- Country: Uganda
- Location: Busia District
- Coordinates: 00°32′50″N 34°01′25″E﻿ / ﻿0.54722°N 34.02361°E
- Status: Operational
- Construction began: 2018
- Commission date: 2022
- Construction cost: US$6.5 million
- Owner: Busitema University
- Operator: Busitema University

Solar farm
- Type: Flat-panel PV
- Site area: 7.5 hectares (19 acres)

Power generation
- Nameplate capacity: 4 megawatts (5,400 hp)

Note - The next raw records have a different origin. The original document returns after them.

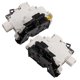 thumbnail image 1 of piezas de actuadores de cerradura de puerta delantera, kit de cerradura de pestillo de puerta de motor para A3 A6 C6 A8 RS3 RS6 2005-2011 4F18370 blanco, 1 of 5
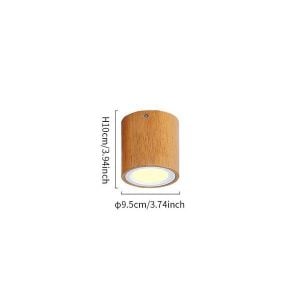 Wood Ceiling lamp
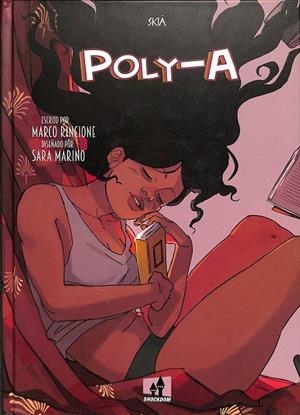 POLY-A | MARCO RINCIONE Y SARA MARINO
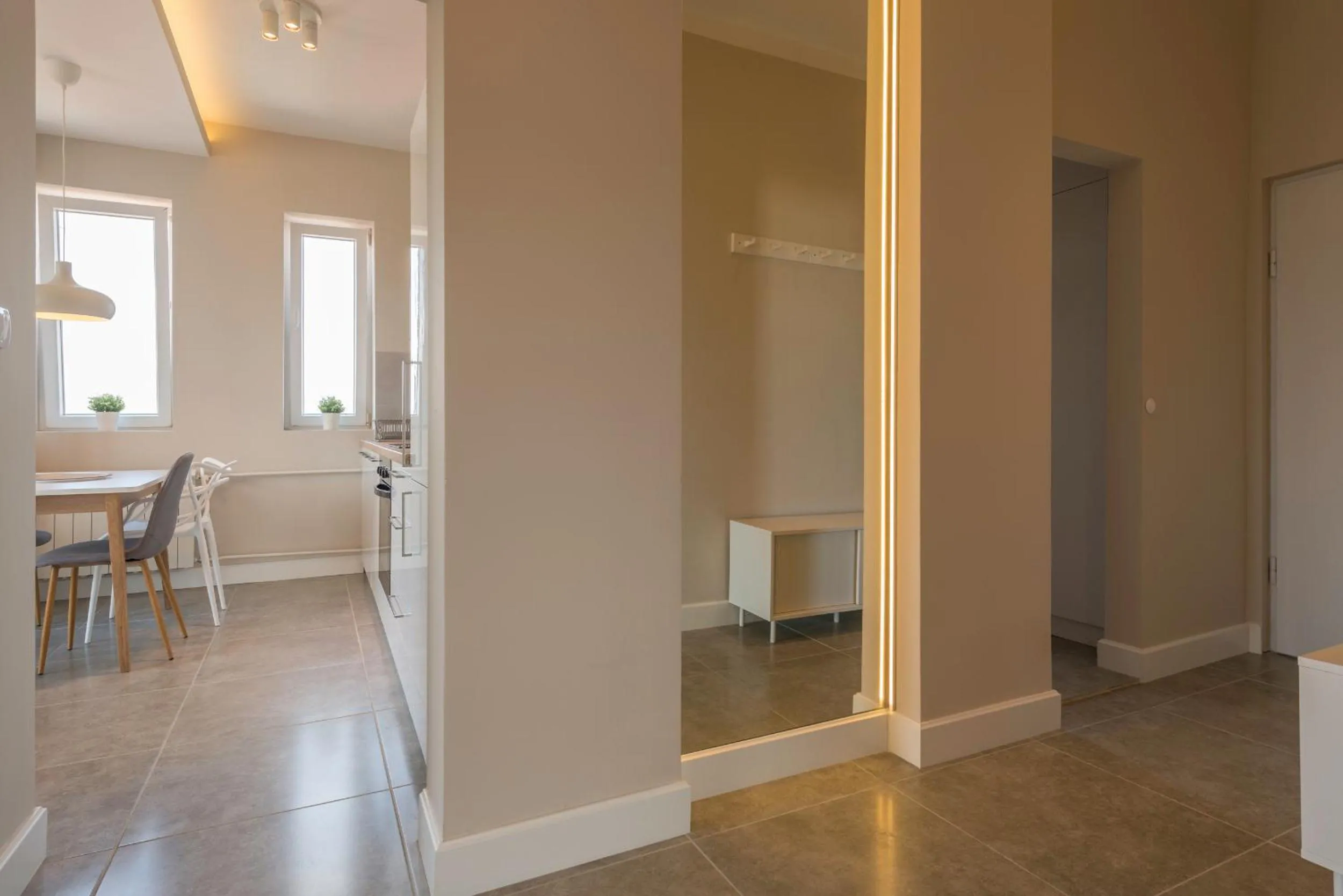 Photo of the whole room in Urban ZEN with View - City Break Apartments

= Busitema Solar Power Station =

Power plant in Uganda

The Busitema Solar Power Station is a 4 MW solar power plant in Uganda.

==Location==
The power station is located in Busia District in the Eastern Region of Uganda, on the main campus of Busitema University, a public university, approximately 183 km, by road, east of Kampala, the largest city and capital of Uganda.

==Overview==
This solar station is a donation from the government of Egypt to the government of Uganda. This followed the signing of bilateral agreements between the two countries in 2016. This was then followed by the signing of a memorandum of understanding between Abdel Fattah el-Sisi, the president of Egypt, and Yoweri Museveni, the president of Uganda, in May 2018. The power station is intended to increase Uganda's renewable energy pool, increase the supply of power to the Eastern Region, and serve as a teaching tool to university students studying renewable energy programs.

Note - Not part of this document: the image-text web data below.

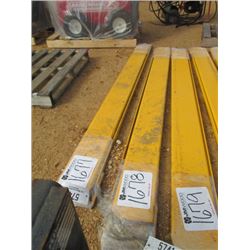 84" FORK EXTENSIONS LIGHT DUTY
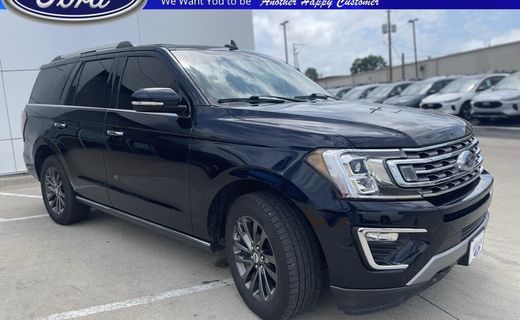 2021 Ford Expedition Limited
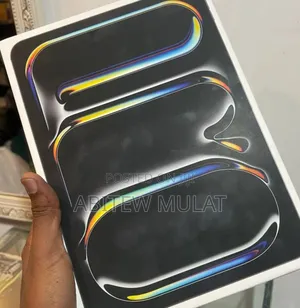 New Apple iPad Pro 11 (2024) 1 TB Gray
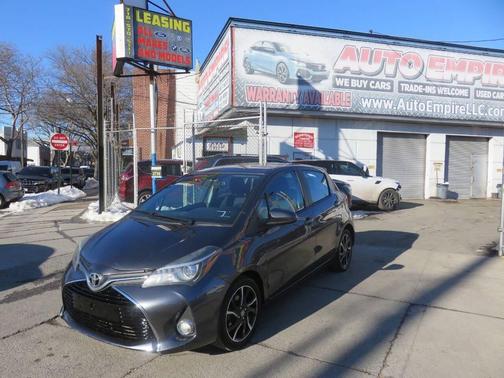 2015 Toyota Yaris L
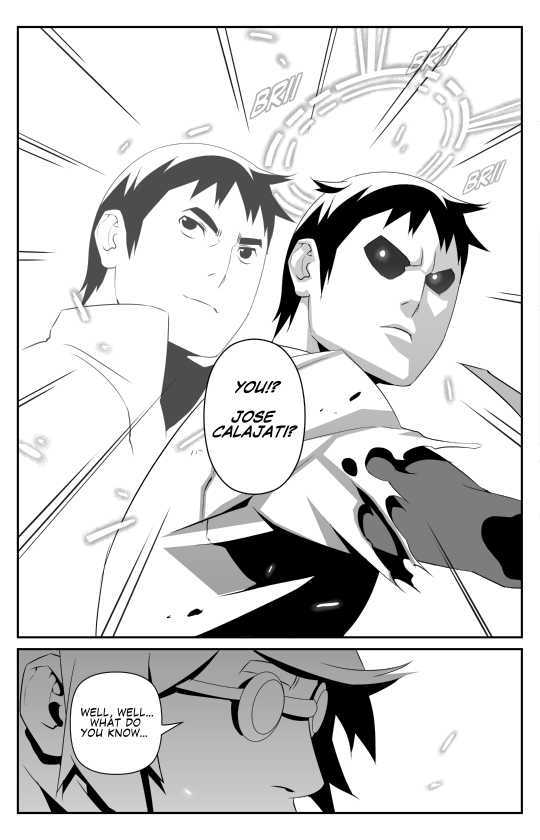 Novus Karma Chapter 8 page 10 - Chapter 8: Goodbye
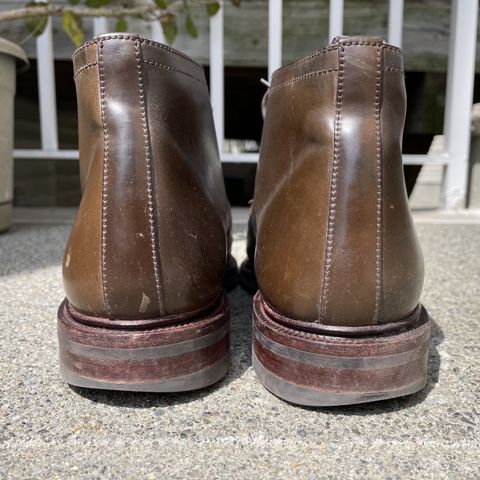 Carmina Chukka Boots 708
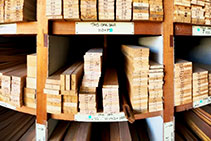 Dressed KDHWD Select Grade Timbers from Hazelwood & Hill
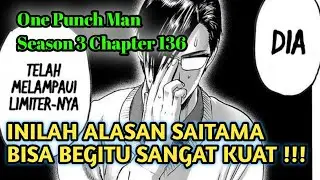 ONE PUNCH MAN SEASON 3 CHAPTER 136 REACTION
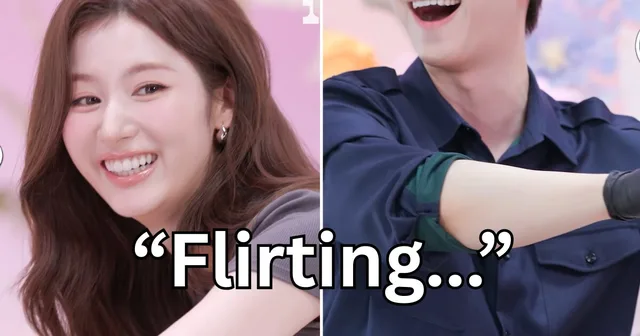 คลิปไวรัล TWICE Sana กับ Junho “หยอกล้อ” กันแฟนๆ กรี๊ดสนั่น!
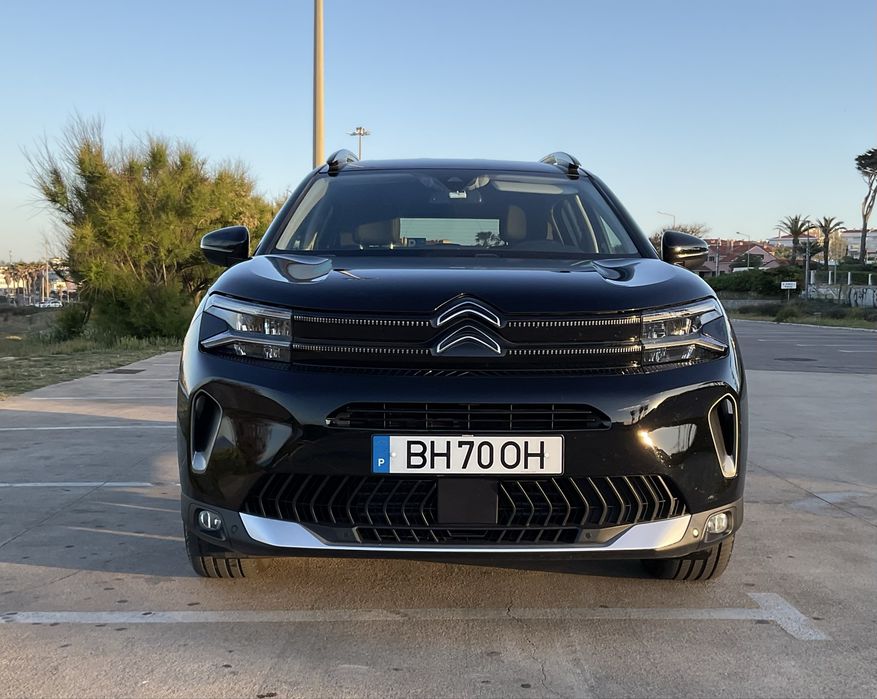 Citroën C5 Aircross 1.5 BlueHDi Plus EAT8 2024 — 9.500 km — 26.990 €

This power station was the fifth solar power station connected to the Ugandan national electricity power grid, after the Soroti Solar Power Station, which came online in December 2015, the Tororo Solar Power Station, which was commissioned in October 2017, and the Kabulasoke Solar Power Station, which was commissioned in December 2018. Mayuge Solar Power Station with capacity of 10 megawatts came online in June 2019.

==Developers==
The solar power plant was developed by engineers from the Egyptian Ministry of Electric & Renewable Energy Authority. The senior engineer is Mohammed A. Abdel Aziz and the project manager is engineer Reda Shaban Ali. An Egyptian team, led by the two, performed an advance inspection and approved the site of the plant.

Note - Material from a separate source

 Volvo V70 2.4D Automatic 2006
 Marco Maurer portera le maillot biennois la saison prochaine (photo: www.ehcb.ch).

The parties agreed for Egypt to provide the necessary equipment and engineering services while Uganda provides the 7.5 ha real estate where the plant is built. In addition, Uganda catered for the ground transportation and taxation of the donated equipment, from the port of Mombasa, Kenya to the project location in Uganda.

==Commissioning==
The completed power station was commissioned by the Energy Minister at that time, Ruth Nankabirwa and the First Deputy Prime Minister and Minister for the East African Community, Rebecca Kadaga, on 25 January 2022.